» Entries supplied
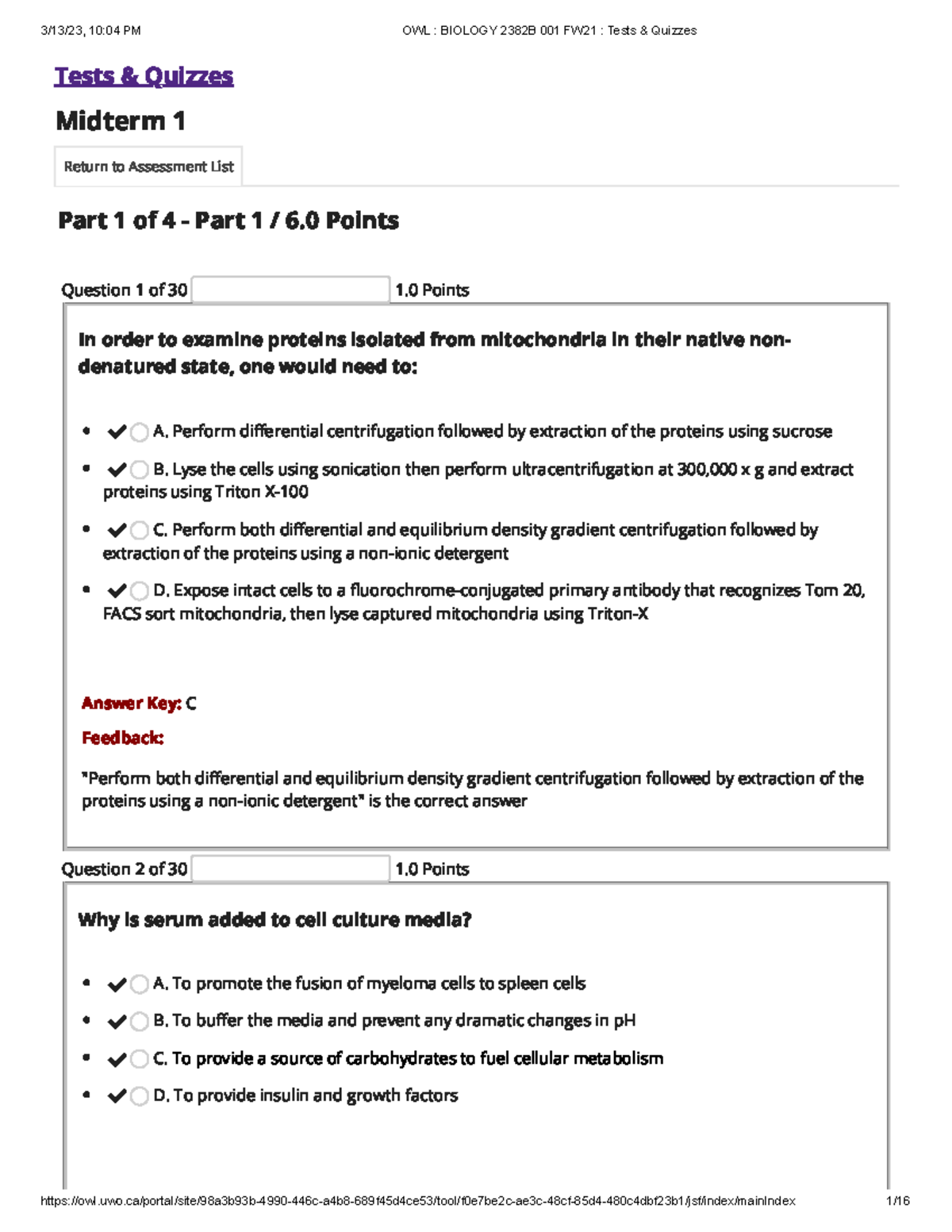 Midterm 1 - Test Answers - Tests & Quizzes Midterm 1 Return To ...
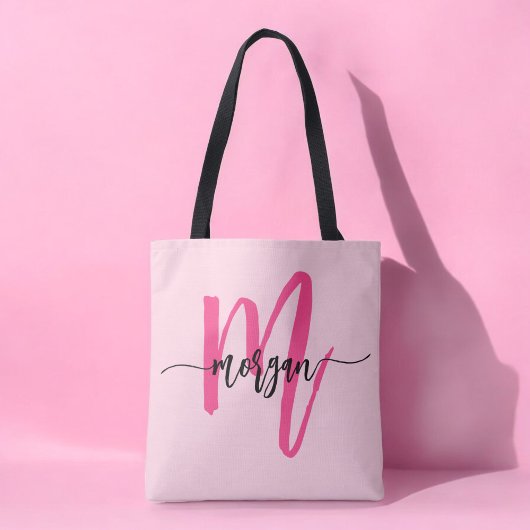Heiß Rosa Moderne Schrift Mädchen-Monogramm-Name Tasche
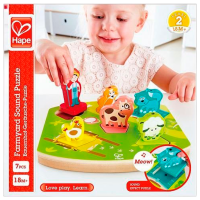Joc educativ Hape Ferma muzicală E1614 Green Pentru copii, 18+ luni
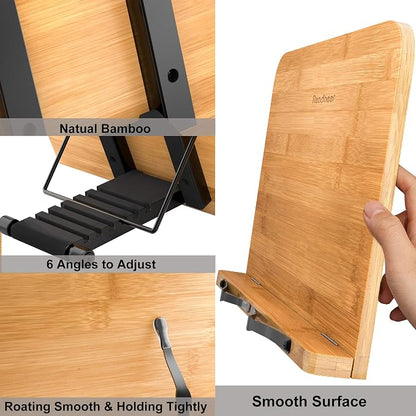 Readaeer Bamboo Book Stand, Large Book Holder - Image 3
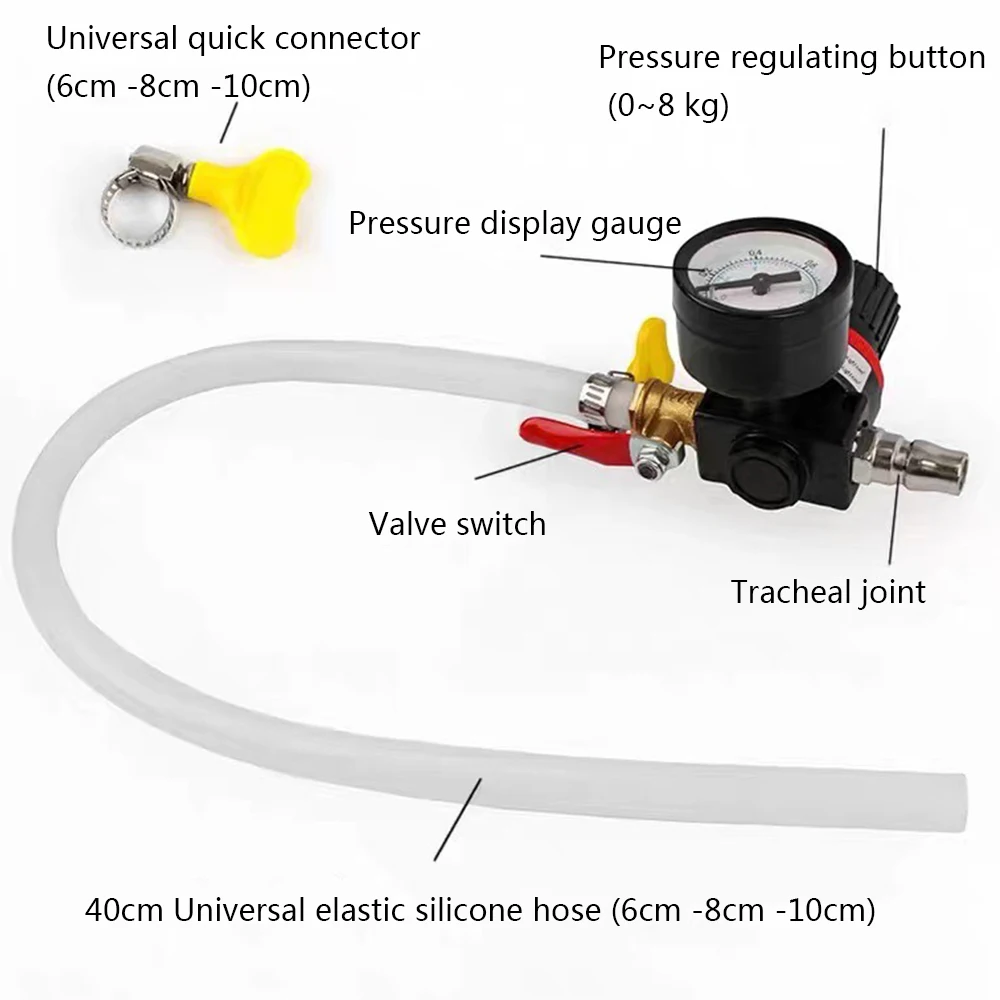 Car Coolant Water Tank Leakage Detector Universal Pressure Tester Gauge Tool Durable Car Cooling System Tester Radiator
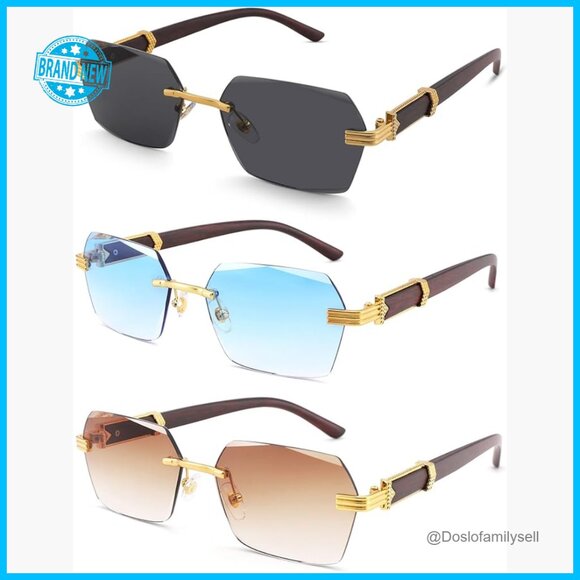 Retro Rimless Rectangle Sunglasses Y2K Frameless Square Tinted Eyewear main image 4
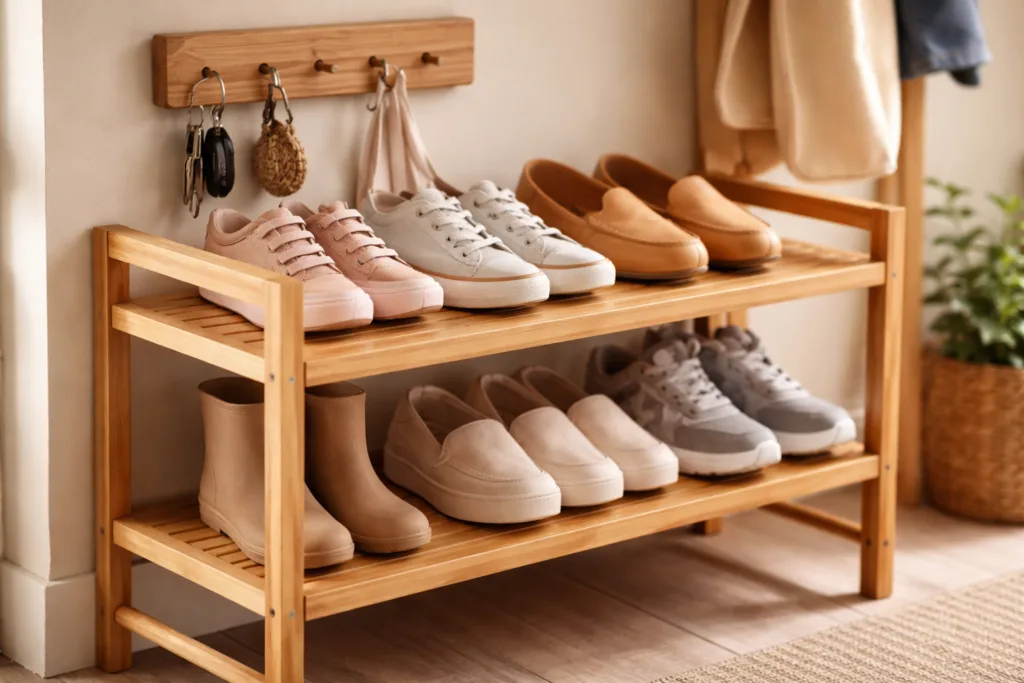 entryway bamboo shoe rack wooden key hooks detail entryway bamboo shoe rack wooden key hooks detail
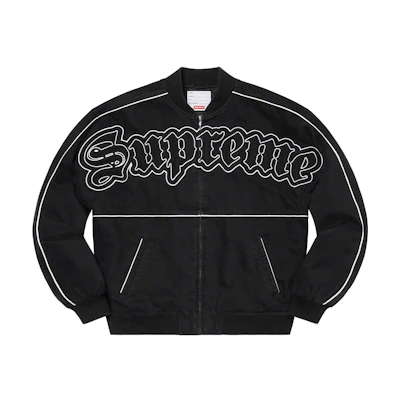 Supreme Twill Old English Varsity Jacket Black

» Problem details
Above are some records; quote exactly and only the lines that begin at the line containing "Heiß Rosa Moderne" and stop after the line containing "Retro Rimless Rectangle", leaving out the pictures.

» Response below
Heiß Rosa Moderne Schrift Mädchen-Monogramm-Name Tasche
Joc educativ Hape Ferma muzicală E1614 Green Pentru copii, 18+ luni
 Readaeer Bamboo Book Stand, Large Book Holder - Image 3
 Car Coolant Water Tank Leakage Detector Universal Pressure Tester Gauge Tool Durable Car Cooling System Tester Radiator
 Retro Rimless Rectangle Sunglasses Y2K Frameless Square Tinted Eyewear main image 4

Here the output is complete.